I put them into a bowl with 250g sugar, 1 tbsp salt and 200ml cider vinegar. They'll soak overnight and I'll update this post tomorrow to show the next stage. I can't wait for these to be ready!



I hope you're finding my preserving posts interesting or possibly even useful. I am really enjoying doing them each week.

Sunday, 17 September 2017

Fun at the country fair

Saturday started something like this.

We spent time together early morning getting the kids models ready for the country show we were going to. Our first time we've ever been to one was last year when we came 3rd in the pumpkin class.


This year we went into the same class and look what happened!!

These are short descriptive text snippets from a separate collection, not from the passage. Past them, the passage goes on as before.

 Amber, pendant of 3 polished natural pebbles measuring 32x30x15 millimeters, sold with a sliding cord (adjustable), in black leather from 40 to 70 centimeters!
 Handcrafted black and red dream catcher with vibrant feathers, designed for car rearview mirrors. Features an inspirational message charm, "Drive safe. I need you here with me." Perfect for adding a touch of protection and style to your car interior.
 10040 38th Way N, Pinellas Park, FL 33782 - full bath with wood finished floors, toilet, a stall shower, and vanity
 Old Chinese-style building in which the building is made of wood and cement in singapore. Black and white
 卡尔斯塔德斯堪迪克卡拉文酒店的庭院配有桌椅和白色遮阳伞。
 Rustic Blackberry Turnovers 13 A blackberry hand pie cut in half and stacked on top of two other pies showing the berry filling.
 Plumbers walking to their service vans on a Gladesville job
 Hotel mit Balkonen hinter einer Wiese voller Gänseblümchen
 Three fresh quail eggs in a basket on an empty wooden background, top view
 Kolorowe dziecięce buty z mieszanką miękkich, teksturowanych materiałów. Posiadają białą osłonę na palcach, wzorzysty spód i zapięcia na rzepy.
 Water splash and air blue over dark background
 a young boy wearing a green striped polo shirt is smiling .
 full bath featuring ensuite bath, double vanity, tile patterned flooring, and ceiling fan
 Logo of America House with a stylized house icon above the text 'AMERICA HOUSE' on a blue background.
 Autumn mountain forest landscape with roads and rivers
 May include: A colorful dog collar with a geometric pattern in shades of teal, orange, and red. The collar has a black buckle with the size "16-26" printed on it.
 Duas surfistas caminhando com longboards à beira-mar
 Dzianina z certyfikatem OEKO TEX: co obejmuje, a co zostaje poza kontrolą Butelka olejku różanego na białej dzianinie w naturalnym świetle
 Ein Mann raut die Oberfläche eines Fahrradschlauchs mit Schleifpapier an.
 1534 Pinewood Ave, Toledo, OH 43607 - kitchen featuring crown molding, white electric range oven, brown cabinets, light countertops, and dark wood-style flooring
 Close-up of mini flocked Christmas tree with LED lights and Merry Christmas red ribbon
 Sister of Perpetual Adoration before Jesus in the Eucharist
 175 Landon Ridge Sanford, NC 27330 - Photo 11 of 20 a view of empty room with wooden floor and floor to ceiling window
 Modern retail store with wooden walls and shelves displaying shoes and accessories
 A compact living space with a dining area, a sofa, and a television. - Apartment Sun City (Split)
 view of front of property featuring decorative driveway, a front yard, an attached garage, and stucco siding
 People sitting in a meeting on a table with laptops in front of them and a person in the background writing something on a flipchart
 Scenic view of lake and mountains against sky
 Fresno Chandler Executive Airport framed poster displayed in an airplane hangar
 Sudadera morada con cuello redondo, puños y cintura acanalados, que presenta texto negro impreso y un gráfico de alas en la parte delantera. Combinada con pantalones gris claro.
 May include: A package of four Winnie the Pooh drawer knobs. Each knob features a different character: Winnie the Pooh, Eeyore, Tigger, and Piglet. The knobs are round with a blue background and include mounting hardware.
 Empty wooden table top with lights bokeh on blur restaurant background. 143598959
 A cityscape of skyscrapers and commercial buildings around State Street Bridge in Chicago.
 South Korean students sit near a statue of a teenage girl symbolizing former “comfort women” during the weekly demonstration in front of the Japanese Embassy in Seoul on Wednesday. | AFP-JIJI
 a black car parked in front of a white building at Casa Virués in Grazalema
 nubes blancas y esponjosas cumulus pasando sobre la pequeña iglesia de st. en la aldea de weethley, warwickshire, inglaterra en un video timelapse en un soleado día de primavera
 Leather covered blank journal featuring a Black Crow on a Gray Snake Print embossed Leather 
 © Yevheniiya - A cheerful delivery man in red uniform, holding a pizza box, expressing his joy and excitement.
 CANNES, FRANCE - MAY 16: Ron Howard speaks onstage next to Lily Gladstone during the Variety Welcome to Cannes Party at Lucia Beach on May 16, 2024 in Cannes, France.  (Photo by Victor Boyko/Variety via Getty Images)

We were so pleased! We then went on to get 2nd place for the below items too which we are over the moon about.


The kids models came 3rd and highly commended which is simply great as they did them in their own.

Then today I made a Sunday roast for our family and grandparents.  All home grown except the broccoli which is a very satisfying feeling. 

So just a quick update for today as it's late and I'm ready to put my feet up for an hour before bed! H

Monday, 11 September 2017

Monday night preserves - chillis

Tonight saw myself and my daughter Grace sat at the kitchen table for two very different reasons. She has come down with a rotten blocked up nose and tonight has a cough that's hurting her chest. Whilst I started the preserving, she sat with her head over a bowl of hot water that I'd added a good few drops of eucalyptus oil. It helped somewhat but she still looks like Rudolf and is feeling sorry for herself.

It's ironic that I was preserving chillis which can make your eyes and nose run more than any cold does! Tonight's recipes are super quick and easy which were just what I needed as I had also pencilled in weeding the veg plot. 

Starting with chilli oil I washed about 16 or so chillis and dried them off. I put them into 2 sterilised jars with a teaspoon of black peppercorns. I heated up 1 litre of olive oil to 40C and then poured it over the chillis.


Turns out I only needed 1 jar so it all got tipped into 1. Looks pretty. I'll leave it 2 weeks then decant into small clip top bottles for the Christmas hampers.


I am probably going to freezer the chillis after the 2 weeks and use them in cooking maybe? Any ideas?

The next quick preserve I did was to freeze the chillis. Apparently they hold their heat very well but maybe not their shape however as they'll go on pizza or pasta dishes, it doesn't matter. I also froze some runner beans as they're coming thick and fast. I didn't blanch them as I've read people doing it successfully without blanching. 


Instead of open freezing them I just threw them all in the bag and I'll keep scrunching it up when they're freezing so it'll be easy to use them as needed.

Finally I put 3 trays of chillis in the dehydrator. Apparently you only need to pierce the skins a few times and let them dry out so let's see. Once they're dry they should keep for a good while and some people even use them to decorate the kitchen at Christmas!



Sunday, 10 September 2017

Being ruthless

September lends itself to thoughts of the next season growing. As the days grow cooler and shorter, my thoughts turn to the greenhouse and polytunnel and how we can keep things going in there for as long as possible. Hopefully some items will go right through to next year. In all honesty, I am not as prepared as I had visioned I would be back in the New Year when I was planning for 2017. The year seems to have flown by and sometimes the days are just getting away from me. 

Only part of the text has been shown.